Kazalar ve Kök Analizi
Teknolojik kazalar, sanayide etkinlik sırasında, anormal oluşum sonucu beklenmeyen, birden oluşan çalışanlar, halk ve çevre için hemen ya da sonradan büyük tehlike yaratan kuruluş içinde ya da dışında bir veya daha çok tehlikeli maddenin neden olduğu olaylardır. Arama kurtarmaya konu olan kazalar oldukça çeşitlidir. Herhangi bir acil durum veya afet sonucu kurtarma çalışmaları farklı şekillerde yapılmaktadır.
İş kazası çalışanın iş süresince çalışma koşulları, işin nitelik ve yürütümü ya da kullanılan makine, araç, gereç ve malzeme nedeni ile uğradığı, iş gücünün tamamını ya da bir bölümünü kaybettiği olay olarak tanımlanabilir.

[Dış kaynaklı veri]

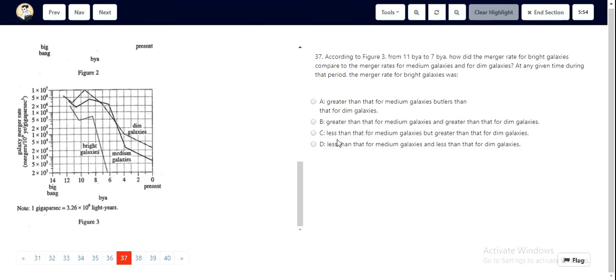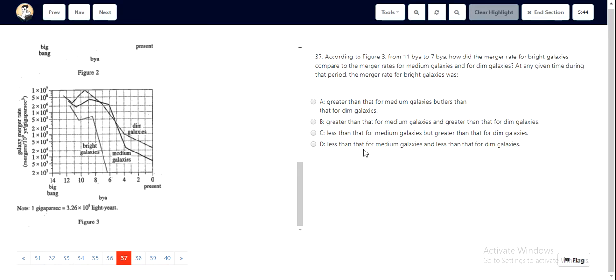C states that it will be less than for medium galaxies but greater than that for the dim galaxies, which is not right. Then we look at D, which is stating less than that for medium galaxies and less than that for dim galaxies, which is correct. Hence, option D is correct.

Ayrıca, 5510 sayılı SSGSSK 13. maddesinde iş kazası:
- Sigortalının iş yerinde bulunduğu sırada,
- İşveren tarafından yürütülmekte olan iş nedeniyle veya görevi nedeniyle, sigortalı kendi adına ve hesabına bağımsız çalışıyorsa yürütmekte olduğu iş veya çalışma konusu nedeniyle iş yeri dışında,
- Bir işverene bağlı olarak çalışan sigortalının, görevli olarak iş yeri dışında başka bir yere gönderilmesi nedeniyle asıl işini yapmaksızın geçen zamanlarda,
- Emziren kadın sigortalının, çocuğuna süt vermek için ayrılan zamanlarda,
- Sigortalıların, işverence sağlanan bir taşıtla işin yapıldığı yere gidiş gelişi sırasında, meydana gelen ve sigortalıyı hemen veya sonradan bedenen ya da ruhen özre uğratan olay olarak tanımlanmaktadır.
Aynı Kanun’da, meydana gelen iş kazasının; iş kazasının 4 üncü maddenin birinci fıkrasının;
- (a) bendi ile 5 inci madde kapsamında bulunan sigortalılar bakımından bunları çalıştıran işveren tarafından, o yer yetkili kolluk kuvvetlerine derhal ve Kuruma da en geç kazadan sonraki üç iş günü içinde
- (b) bendi kapsamında bulunan sigortalı bakımından kendisi tarafından, bir ayı geçmemek şartıyla rahatsızlığının bildirim yapmaya engel olmadığı günden sonra üç iş günü içinde bildirilmesi gerekmektedir.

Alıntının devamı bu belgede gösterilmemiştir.